Data
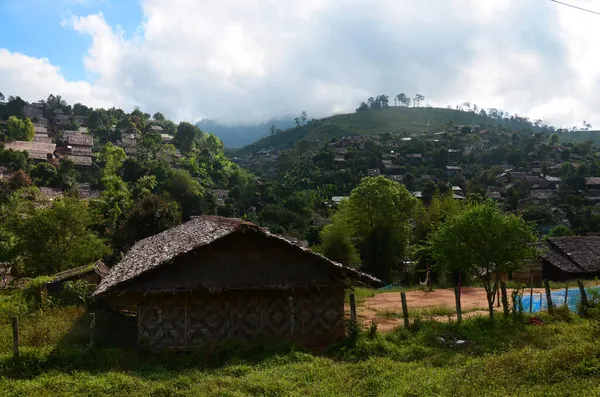 集合的センター調整と難民キャンプの家の丘の谷の村バーン ウンピエムと家タイのタックにあるPhop Pra地区の山と森のミャンマーからのカレン難民 — ストック写真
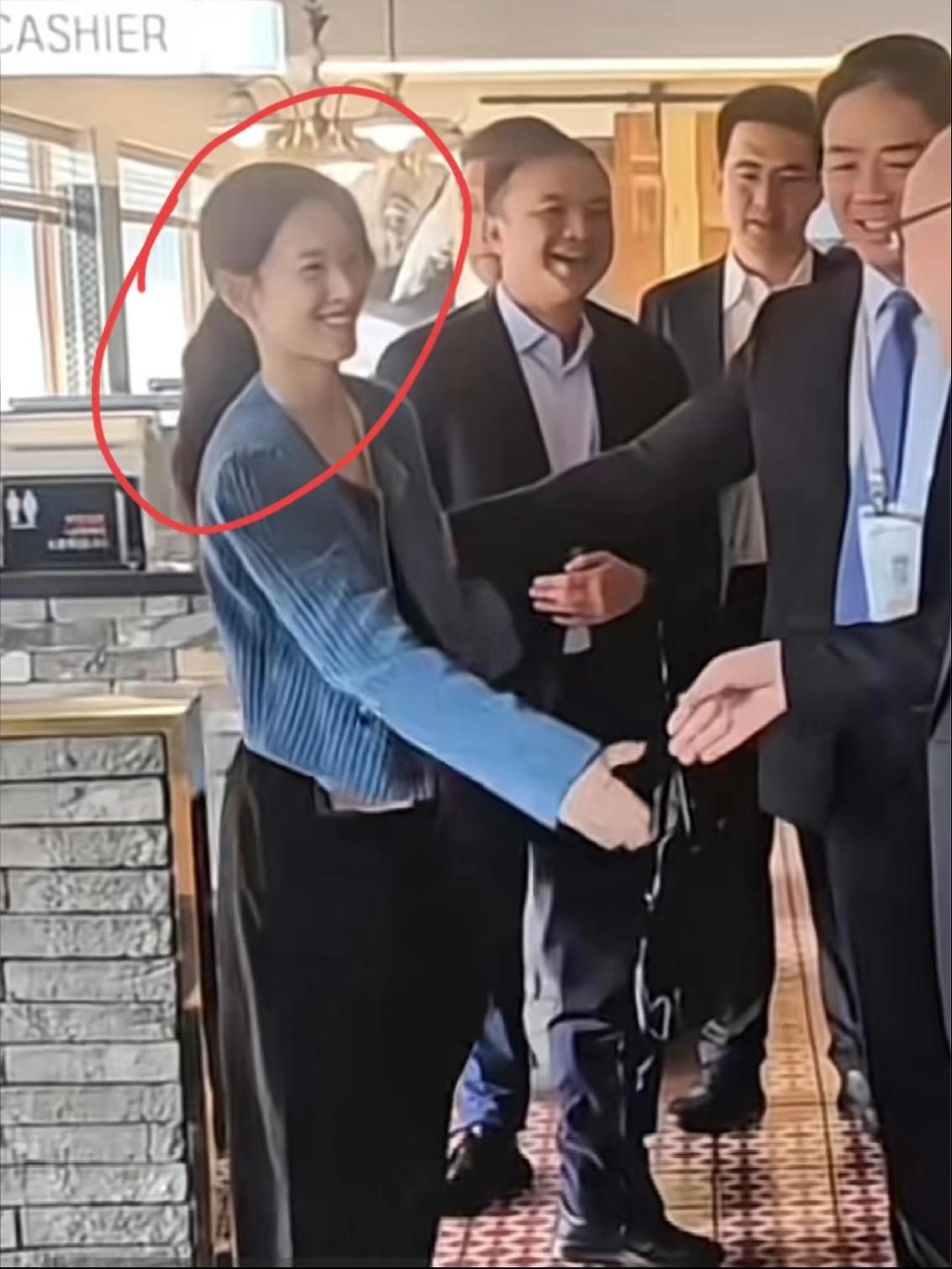 这一夜，

奶茶妹妹躲在被窝里笑出了声。

因为她的男人东哥，用一条朋友圈，为北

Requirement
Set the data above down again exactly as given, with no pictures.

Final answer
 集合的センター調整と難民キャンプの家の丘の谷の村バーン ウンピエムと家タイのタックにあるPhop Pra地区の山と森のミャンマーからのカレン難民 — ストック写真
 这一夜，

奶茶妹妹躲在被窝里笑出了声。

因为她的男人东哥，用一条朋友圈，为北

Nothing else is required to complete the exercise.